▸ **TASK GOAL**
Once you find the line with "Receita de Pão" in the entries below, return exactly every line from it through the line with "22- Private Room".

++++ DATA UNDER STUDY

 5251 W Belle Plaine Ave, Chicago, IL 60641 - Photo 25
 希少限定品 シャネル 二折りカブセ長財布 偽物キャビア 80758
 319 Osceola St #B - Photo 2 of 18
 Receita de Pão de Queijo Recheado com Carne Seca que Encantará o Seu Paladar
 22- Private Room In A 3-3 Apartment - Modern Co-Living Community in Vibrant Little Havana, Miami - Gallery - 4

++++++++
++++ DATA UNDER STUDY

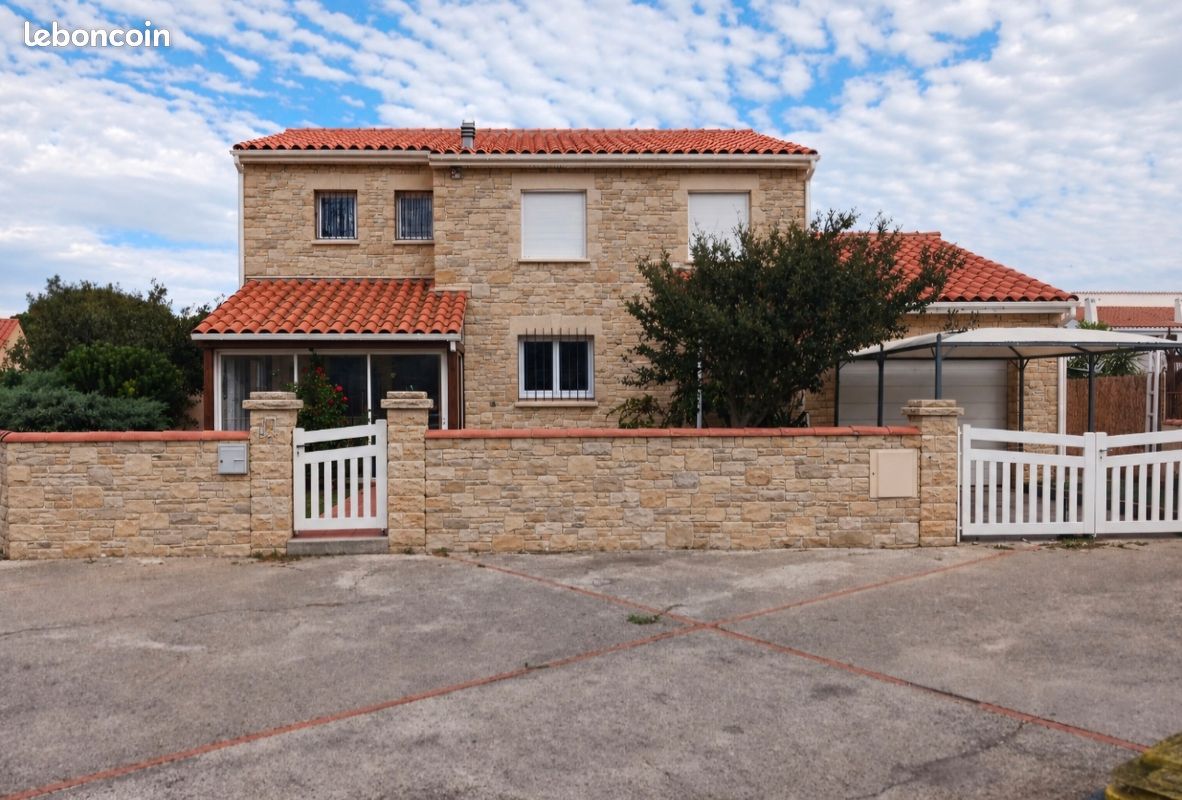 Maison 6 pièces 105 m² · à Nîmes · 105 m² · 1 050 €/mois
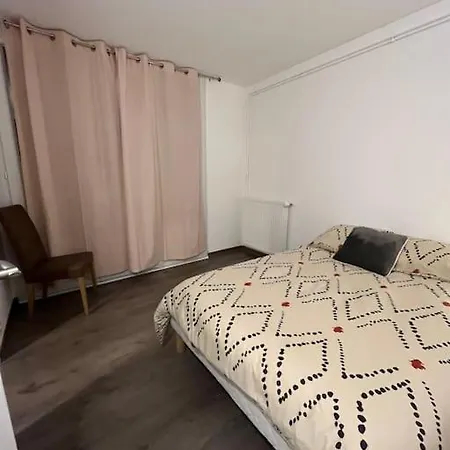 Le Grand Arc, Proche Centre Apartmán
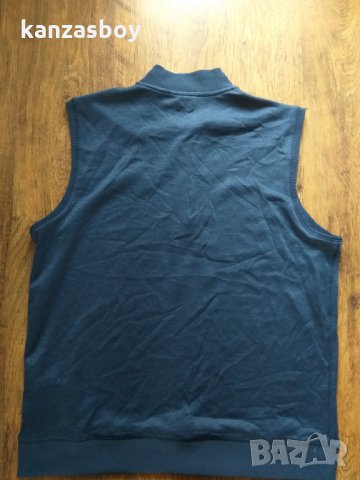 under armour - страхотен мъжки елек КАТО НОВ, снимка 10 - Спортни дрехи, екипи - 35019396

++++++++

▸ **YOUR RESPONSE**
 Receita de Pão de Queijo Recheado com Carne Seca que Encantará o Seu Paladar
 22- Private Room In A 3-3 Apartment - Modern Co-Living Community in Vibrant Little Havana, Miami - Gallery - 4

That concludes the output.